** Assigned task **
Your reply should set down word for word each line below from the one with "Framed Print : Martin" through the final line, both included, but none of the pictures.
***** Raw data *****
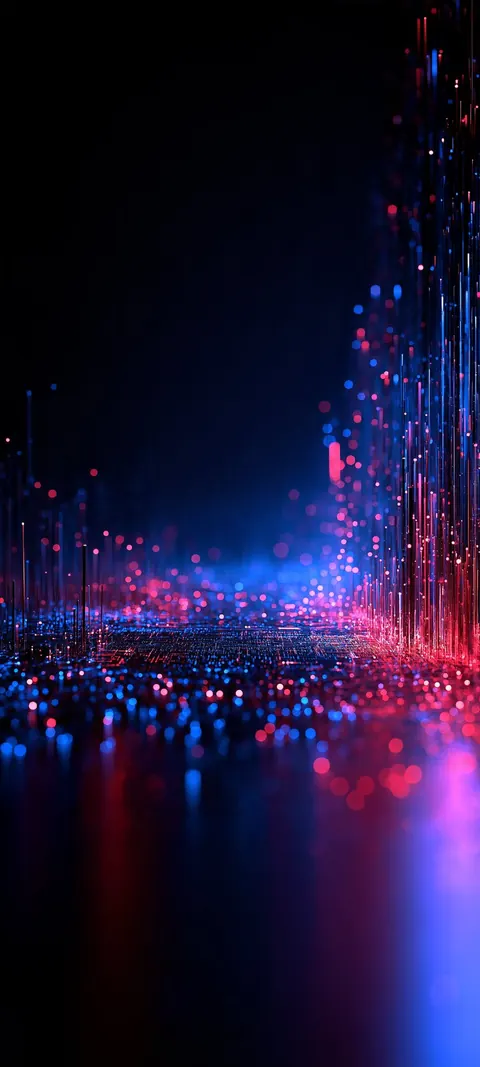Vertical streams of red and blue light particles pour down over a dark, reflective floor.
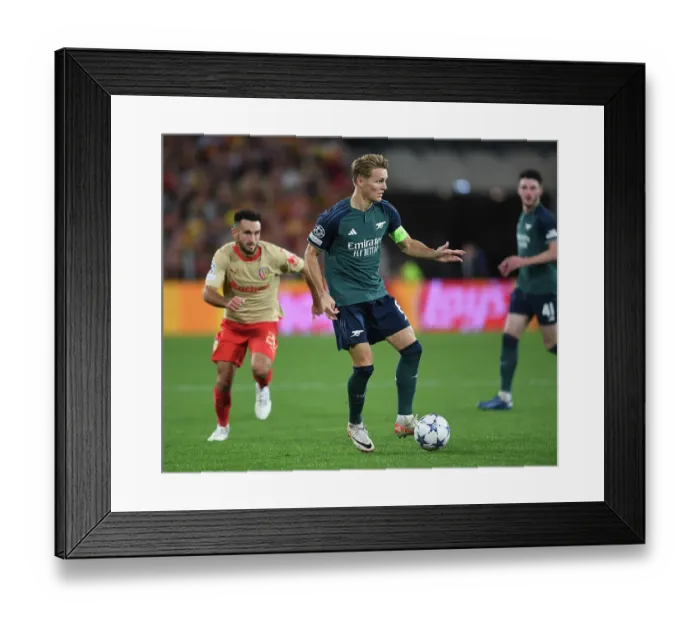 Framed Print : Martin Odegaard's Leadership: Arsenal's Champions League Victory over RC Lens (2023-24)
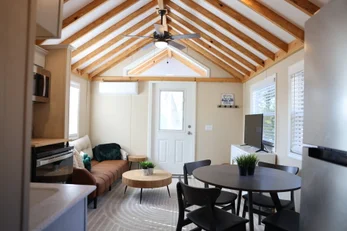 Modern open living room with gray sectional sofa, ceiling fan, wood flooring, and large window - professional Airbnb listing photography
*****
** Response to the exercise **
 Framed Print : Martin Odegaard's Leadership: Arsenal's Champions League Victory over RC Lens (2023-24)
 Modern open living room with gray sectional sofa, ceiling fan, wood flooring, and large window - professional Airbnb listing photography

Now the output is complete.